Following the release of the Notice, a surge in installations of energy storage projects coupled with new energy is expected ahead of the June 1 cutoff. Compared with existing projects, newly added projects face greater pricing uncertainty under the market-based mechanism during the final bidding phase. As a result, some companies may advance the grid connection of their wind and solar projects to before June 1 to avoid complex profit forecasting and market bidding rules, thereby ensuring stable project returns.
Currently, the rush to install energy storage is largely driven by the acceleration of PV project timelines. In alignment with the June 1 deadline for solar PV projects, energy storage timelines have also been brought forward accordingly.
The Notice suggests “improving spot market trading and pricing mechanisms,” which is expected to enhance returns for energy storage projects by relaxing spot price limits.
With low electricity prices during high renewable output periods (e.g., midday solar generation causing price drops) and high prices during times of limited system flexibility (e.g., evening peak demand with reduced renewable output), the spot market offers growing opportunities for price arbitrage, further highlighting the value of energy storage.
The current Notice sets the framework for energy storage policy, while detailed rules will be made by each Chinese province based on local conditions by the end of 2025. This transition period may cause short-term market fluctuations, so industry players should stay flexible and prepared.
Based on current energy storage market and the Notice, InfoLink expects China’s new energy storage installations to reach 112 GWh in 2025, up 9% YoY. But if local policies or incentives (e.g., capacity pricing or compensation for grid services) fall short, the industry may face some challenges in 2026–2027. Still, due to the ongoing need for renewable integration and grid flexibility, a sharp drop in demand is unlikely.
The industry is also entering a reshuffling phase.

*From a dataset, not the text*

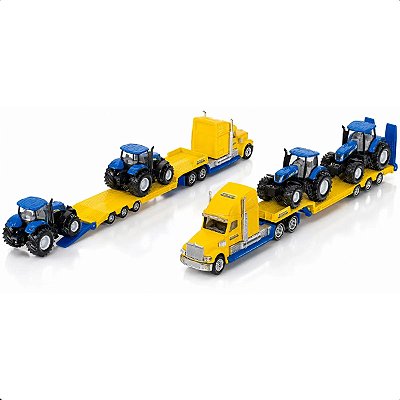 Miniatura Siku Caminhão Prancha Freightliner com Tratores New Holland T8 1:87 Diecast Original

With the end of mandatory storage requirements, the focus is shifting from fast, policy-driven growth to value creation. In the past, many projects were built only to meet policy targets, leading to problems like similar technology and fast efficiency loss. Now, the focus is on economic value and long-term performance. Companies with strong technology and innovative business models are likely to grow, and the industry becomes more competitive and refined.